Poster bertuliskan “Agar Wanita Memakai Pakaian Jilbab” tertempel di Musala As-Sa’adah, Tanjung Priok, Jakarta Utara. Anjuran yang biasa-biasa saja, akan tetapi pada 14 September 1984 poster tersebut menciptakan tragedi yang menyedihkan.

Pergolakan politik tentang asas tunggal Pancasila yang saat itu diutarakan pemerintahan Soeharto ditentang oleh beberapa muslim. Hingga suatu pagi anjuran agar dicopotnya poster itu dari Musala  tidak digubris warga. Warga menilai tidak ada yang salah dari poster tersebut, sehingga tidak perlu dicopot. Hingga salah satu Babinsa, Sersan Satu Hermanu menghapus poster tersebut dengan koran yang dibasahi air got. Terdengar kabar bahwa Hernamu menjalankan aksinya tanpa menanggalkan sepatu larasnya. Musala itu kotor. Warga yang muntab mendengar kabar tersebut marah dan ingin menghajar, Hernamu dilindungi salah satu tokoh setempat, warga yang kepalang geram hanya bisa membakar sepeda motor Babinsa itu. Alhasil beberapa yang ditengarai pelaku pembakaran diamankan Tentara di Kodim. Mereka mengamankan empat orang pemuda.

Warga menuntut agar keempat pemuda segera dibebaskan, termasuk tokoh masyarakat Amir Biki juga ikut dalam kerumunan, masa protes dengan memenuhi Jalan Sindang Raya, Tanjung Priok. Para tokoh berunding dengan pimpinan Kodim. Selain menolak asas tunggal yang digalang pemerintah, mereka juga menuntut agar pemuda yang ditangkap segera dibebaskan paling lambat pukul sebelas malam. Negosiasi gagal, tuntutan tidak dipenuhi, aksi masa kembali berlanjut.

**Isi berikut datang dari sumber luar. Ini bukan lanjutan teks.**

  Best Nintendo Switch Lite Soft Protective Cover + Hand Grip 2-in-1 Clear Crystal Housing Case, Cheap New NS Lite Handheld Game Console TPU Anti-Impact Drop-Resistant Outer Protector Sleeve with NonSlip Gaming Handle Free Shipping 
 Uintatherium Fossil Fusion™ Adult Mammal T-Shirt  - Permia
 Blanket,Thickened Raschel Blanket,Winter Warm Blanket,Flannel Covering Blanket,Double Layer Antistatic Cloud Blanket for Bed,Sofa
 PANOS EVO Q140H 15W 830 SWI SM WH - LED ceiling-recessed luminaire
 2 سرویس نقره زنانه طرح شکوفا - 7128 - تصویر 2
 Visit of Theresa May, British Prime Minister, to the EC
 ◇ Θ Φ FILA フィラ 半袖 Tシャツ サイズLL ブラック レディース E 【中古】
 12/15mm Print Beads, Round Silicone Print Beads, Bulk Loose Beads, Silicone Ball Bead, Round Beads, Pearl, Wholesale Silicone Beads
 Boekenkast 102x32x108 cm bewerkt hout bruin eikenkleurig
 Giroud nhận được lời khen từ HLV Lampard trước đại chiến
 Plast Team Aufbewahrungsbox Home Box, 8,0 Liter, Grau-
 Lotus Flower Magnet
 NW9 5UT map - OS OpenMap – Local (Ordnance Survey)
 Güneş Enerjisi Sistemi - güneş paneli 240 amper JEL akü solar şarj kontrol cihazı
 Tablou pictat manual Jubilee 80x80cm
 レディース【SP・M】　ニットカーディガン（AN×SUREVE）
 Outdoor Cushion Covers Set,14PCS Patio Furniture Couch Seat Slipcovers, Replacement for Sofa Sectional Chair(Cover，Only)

Masa merangsak lebih dekat ke kantor Kodim, suara tembakan meletus. Peluru senjata semi otomatis merubuhkan para demonstran. Malam itu berubah menjadi kelam, sangat kelam dan berdarah. 700 korban tewas tercatat hari itu. Akan tetapi pemerintah hanya menghitung 28 korban saja. Kasus yang tidak pernah tersentuh selama pemerintahan Soeharto, bahkan tidak ada yang berani mengungkitnya. Apakah peristiwa malam itu terdengar Soeharto di Istana? Sungguh hanya Soerjadi dan Tuhan yang tahu.

***

Peristiwa lainnya yang dilaluinya bersama Soeharto adalah Pembajakan pesawat DC-9 Woyla milik Garuda Indonesia. Lebih dikenal dengan Peristiwa Woyla. Pesawat bertujuan Medan ini dibajak lima orang teroris mengatasnamakan “Komando Jihad”. Alhasil pesawat dibawa pembajak sampai Bandara Don Mueang, Bangkok. 57 penumpang dirundung ketakutan, 5 teroris membawa pistol dan granat. 65 jam dalam pesawat yang dibajak adalah siksaan badan dan trauma batin para korban.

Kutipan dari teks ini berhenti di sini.